(What the task requires): The expected output is exactly the lines below, starting at the line with "A 2023 TESLA MODEL Y Long Range AWD Auto A" and ending at the line with "CREW-NECK LINEN T-SHIRT", both included; no other line belongs in it.
======== Recorded information ========
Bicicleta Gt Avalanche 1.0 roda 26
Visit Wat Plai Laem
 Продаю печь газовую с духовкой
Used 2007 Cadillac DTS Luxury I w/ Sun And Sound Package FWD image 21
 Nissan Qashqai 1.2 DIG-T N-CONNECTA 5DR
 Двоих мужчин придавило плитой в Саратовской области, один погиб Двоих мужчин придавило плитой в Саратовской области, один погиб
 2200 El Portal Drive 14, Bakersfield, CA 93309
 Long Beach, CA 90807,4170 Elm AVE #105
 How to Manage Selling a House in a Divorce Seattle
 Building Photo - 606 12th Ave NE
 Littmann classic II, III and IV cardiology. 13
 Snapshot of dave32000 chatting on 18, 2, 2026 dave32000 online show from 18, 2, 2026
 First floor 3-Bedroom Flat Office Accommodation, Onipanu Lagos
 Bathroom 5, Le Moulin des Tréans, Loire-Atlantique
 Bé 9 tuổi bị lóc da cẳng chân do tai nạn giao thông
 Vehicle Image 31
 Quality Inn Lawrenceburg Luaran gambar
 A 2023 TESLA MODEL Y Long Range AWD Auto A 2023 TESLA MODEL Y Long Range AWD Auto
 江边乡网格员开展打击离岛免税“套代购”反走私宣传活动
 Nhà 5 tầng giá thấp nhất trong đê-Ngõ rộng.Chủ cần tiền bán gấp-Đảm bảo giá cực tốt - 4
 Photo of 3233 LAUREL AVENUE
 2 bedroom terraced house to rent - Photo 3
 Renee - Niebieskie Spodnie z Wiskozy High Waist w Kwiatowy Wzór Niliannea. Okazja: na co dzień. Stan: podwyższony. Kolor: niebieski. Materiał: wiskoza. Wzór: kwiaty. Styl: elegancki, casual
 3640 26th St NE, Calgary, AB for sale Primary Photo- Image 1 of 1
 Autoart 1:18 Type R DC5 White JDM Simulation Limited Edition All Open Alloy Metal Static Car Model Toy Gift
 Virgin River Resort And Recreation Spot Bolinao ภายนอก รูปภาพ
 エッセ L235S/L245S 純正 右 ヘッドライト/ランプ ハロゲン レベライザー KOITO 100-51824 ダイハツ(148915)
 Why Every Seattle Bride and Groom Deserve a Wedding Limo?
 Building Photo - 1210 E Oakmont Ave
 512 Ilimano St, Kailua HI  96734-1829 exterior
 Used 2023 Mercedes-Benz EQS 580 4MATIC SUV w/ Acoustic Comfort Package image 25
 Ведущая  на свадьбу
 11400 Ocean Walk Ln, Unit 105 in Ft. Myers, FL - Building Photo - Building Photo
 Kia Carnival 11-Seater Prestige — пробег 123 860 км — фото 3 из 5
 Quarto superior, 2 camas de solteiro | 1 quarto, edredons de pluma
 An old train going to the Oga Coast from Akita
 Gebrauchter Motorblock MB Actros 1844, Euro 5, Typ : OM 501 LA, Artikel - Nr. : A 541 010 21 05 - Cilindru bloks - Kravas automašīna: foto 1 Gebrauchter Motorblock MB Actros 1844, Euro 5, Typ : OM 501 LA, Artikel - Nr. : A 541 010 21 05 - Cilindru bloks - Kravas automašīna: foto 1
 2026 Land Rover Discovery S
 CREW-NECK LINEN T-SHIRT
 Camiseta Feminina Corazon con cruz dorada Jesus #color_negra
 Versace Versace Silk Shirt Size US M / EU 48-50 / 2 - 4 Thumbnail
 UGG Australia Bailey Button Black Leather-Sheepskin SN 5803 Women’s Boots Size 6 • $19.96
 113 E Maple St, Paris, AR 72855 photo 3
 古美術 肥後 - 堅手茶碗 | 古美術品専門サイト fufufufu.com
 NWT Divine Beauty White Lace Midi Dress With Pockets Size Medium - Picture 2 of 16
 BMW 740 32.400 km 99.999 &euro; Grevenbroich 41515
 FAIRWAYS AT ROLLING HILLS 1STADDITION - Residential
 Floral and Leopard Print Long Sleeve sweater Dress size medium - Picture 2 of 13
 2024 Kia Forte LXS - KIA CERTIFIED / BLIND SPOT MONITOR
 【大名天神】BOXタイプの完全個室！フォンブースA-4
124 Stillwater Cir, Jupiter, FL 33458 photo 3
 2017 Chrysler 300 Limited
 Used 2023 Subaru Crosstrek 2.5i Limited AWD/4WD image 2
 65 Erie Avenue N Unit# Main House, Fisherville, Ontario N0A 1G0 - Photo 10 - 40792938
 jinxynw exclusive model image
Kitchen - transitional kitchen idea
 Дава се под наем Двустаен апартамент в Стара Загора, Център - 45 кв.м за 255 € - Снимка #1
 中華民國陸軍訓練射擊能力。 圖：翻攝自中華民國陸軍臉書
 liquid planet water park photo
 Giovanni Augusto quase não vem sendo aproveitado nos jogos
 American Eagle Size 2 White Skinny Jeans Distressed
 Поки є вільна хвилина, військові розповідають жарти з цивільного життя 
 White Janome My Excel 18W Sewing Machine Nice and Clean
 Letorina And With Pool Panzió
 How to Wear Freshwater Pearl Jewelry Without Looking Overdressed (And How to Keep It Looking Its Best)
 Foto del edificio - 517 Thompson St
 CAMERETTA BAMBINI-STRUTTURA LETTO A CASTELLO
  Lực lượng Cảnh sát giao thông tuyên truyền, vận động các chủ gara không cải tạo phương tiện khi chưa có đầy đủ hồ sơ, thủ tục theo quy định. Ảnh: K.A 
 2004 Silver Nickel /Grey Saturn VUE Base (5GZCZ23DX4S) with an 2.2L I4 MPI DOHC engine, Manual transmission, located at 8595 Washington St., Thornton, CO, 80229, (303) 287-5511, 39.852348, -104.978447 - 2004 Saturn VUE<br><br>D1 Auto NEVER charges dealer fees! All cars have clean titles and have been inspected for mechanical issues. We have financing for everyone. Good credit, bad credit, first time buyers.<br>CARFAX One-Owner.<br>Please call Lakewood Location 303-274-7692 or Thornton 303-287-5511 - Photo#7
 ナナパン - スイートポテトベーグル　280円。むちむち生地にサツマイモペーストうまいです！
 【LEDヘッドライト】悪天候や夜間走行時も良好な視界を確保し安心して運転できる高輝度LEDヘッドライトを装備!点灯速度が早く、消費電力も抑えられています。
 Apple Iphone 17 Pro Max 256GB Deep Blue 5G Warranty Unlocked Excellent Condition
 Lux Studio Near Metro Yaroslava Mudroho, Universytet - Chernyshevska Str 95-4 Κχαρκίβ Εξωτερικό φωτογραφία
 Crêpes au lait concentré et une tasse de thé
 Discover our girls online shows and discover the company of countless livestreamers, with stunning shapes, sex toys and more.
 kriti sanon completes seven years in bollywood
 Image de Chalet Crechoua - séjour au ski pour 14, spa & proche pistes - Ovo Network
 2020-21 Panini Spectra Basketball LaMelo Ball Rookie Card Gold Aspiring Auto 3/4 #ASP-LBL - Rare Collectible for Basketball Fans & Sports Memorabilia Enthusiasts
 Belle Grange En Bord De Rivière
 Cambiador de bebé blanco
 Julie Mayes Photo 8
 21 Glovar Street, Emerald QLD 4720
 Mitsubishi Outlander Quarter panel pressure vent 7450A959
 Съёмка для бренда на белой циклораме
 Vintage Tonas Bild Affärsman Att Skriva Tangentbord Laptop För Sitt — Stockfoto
========
(Completed exercise):
 A 2023 TESLA MODEL Y Long Range AWD Auto A 2023 TESLA MODEL Y Long Range AWD Auto
 江边乡网格员开展打击离岛免税“套代购”反走私宣传活动
 Nhà 5 tầng giá thấp nhất trong đê-Ngõ rộng.Chủ cần tiền bán gấp-Đảm bảo giá cực tốt - 4
 Photo of 3233 LAUREL AVENUE
 2 bedroom terraced house to rent - Photo 3
 Renee - Niebieskie Spodnie z Wiskozy High Waist w Kwiatowy Wzór Niliannea. Okazja: na co dzień. Stan: podwyższony. Kolor: niebieski. Materiał: wiskoza. Wzór: kwiaty. Styl: elegancki, casual
 3640 26th St NE, Calgary, AB for sale Primary Photo- Image 1 of 1
 Autoart 1:18 Type R DC5 White JDM Simulation Limited Edition All Open Alloy Metal Static Car Model Toy Gift
 Virgin River Resort And Recreation Spot Bolinao ภายนอก รูปภาพ
 エッセ L235S/L245S 純正 右 ヘッドライト/ランプ ハロゲン レベライザー KOITO 100-51824 ダイハツ(148915)
 Why Every Seattle Bride and Groom Deserve a Wedding Limo?
 Building Photo - 1210 E Oakmont Ave
 512 Ilimano St, Kailua HI  96734-1829 exterior
 Used 2023 Mercedes-Benz EQS 580 4MATIC SUV w/ Acoustic Comfort Package image 25
 Ведущая  на свадьбу
 11400 Ocean Walk Ln, Unit 105 in Ft. Myers, FL - Building Photo - Building Photo
 Kia Carnival 11-Seater Prestige — пробег 123 860 км — фото 3 из 5
 Quarto superior, 2 camas de solteiro | 1 quarto, edredons de pluma
 An old train going to the Oga Coast from Akita
 Gebrauchter Motorblock MB Actros 1844, Euro 5, Typ : OM 501 LA, Artikel - Nr. : A 541 010 21 05 - Cilindru bloks - Kravas automašīna: foto 1 Gebrauchter Motorblock MB Actros 1844, Euro 5, Typ : OM 501 LA, Artikel - Nr. : A 541 010 21 05 - Cilindru bloks - Kravas automašīna: foto 1
 2026 Land Rover Discovery S
 CREW-NECK LINEN T-SHIRT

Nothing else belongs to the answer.